Status and Trend of Scientific and Technical Collaboration between
People's Republic of China and Commonwealth of Australia

An Analysis of Scientific and Technical Papers Co-authored by Chinese and Australian

Wang Yan,
Wu Yishan

Institute of Scientific and Technical Information of China
15 Fuxing Road, Beijing 100038, P. R. China


Abstract

The status and trend of scientific and technical collaboration between China and Australia are investigated based on the retrieval results from two databases, CSTPC (Chinese Scientific and Technical Papers and Citations) of ISTIC (Institute of Scientific and Technical Information of China) and SCI (Science Citation Index) of ISI (Institute for Scientific Information). Data Set 1 derived from CSTPC contains 374 papers, which were published in China's core ST journals during 1991-1998 and co-authored by Chinese as the first author and Australian. Data Set 2 derived from SCI contains 165 papers, which were published in SCI source journals in 1998, and co-authored by Chinese and Australian, no matter who is the first author.
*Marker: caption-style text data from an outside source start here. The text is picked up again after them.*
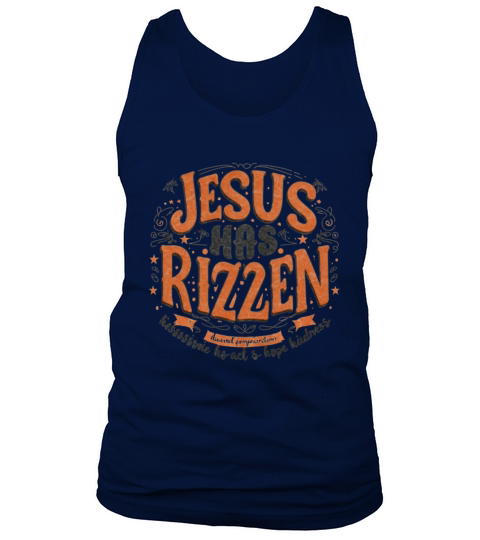 Jesus Has Rizzen Christian Funny Quote Tank Top Unisex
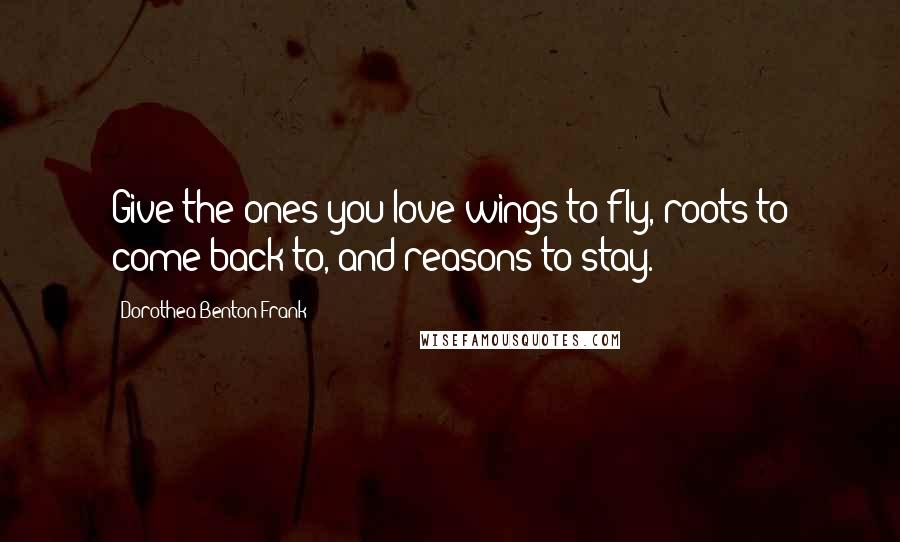 Dorothea Benton Frank Quotes: Give the ones you love wings to fly, roots to come back to, and reasons to stay.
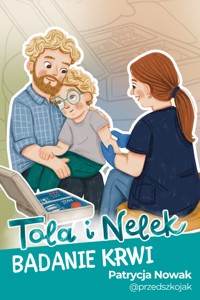Tola i Nelek - Badanie krwi - Patrycja Nowak - audiobook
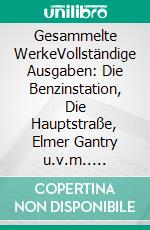 Gesammelte WerkeVollständige Ausgaben: Die Benzinstation, Die Hauptstraße, Elmer Gantry u.v.m.. E-book. Formato EPUB ebook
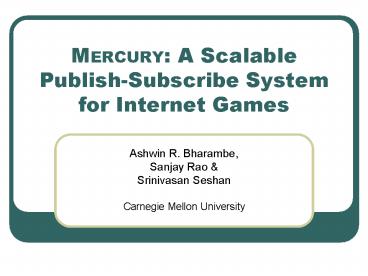 MERCURY: A Scalable Publish-Subscribe System for Internet Games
Data Set 1 is used to analyze the trend of ST collaboration between China and Australia based on the change of the paper amount. It can be shown that the collaboration is enhancing. The subject distribution of ST collaboration between China and Australia are analyzed based on Data Set 1 and Data Set 2. It can be seen that the focused fields for the collaboration are geoscience, basic medicine, agriculture, biology, clinic medicine, chemistry, physics and mathematics. The changing trend of focused fields is also investigated based on Data Set 1. It can be concluded that the collaboration on geoscience between China and Australia is declining compared with other fields though the collaboration is still active. The collaboration on basic medicine and biology is pointing to an enhancing trend while the collaboration on agriculture and clinic medicine is becoming increasingly strong. Data Set 1 is also used to analyze the most productive Chinese authors and institutes in the ST collaboration with Australia and the provincial distribution of these most productive authors and institutes.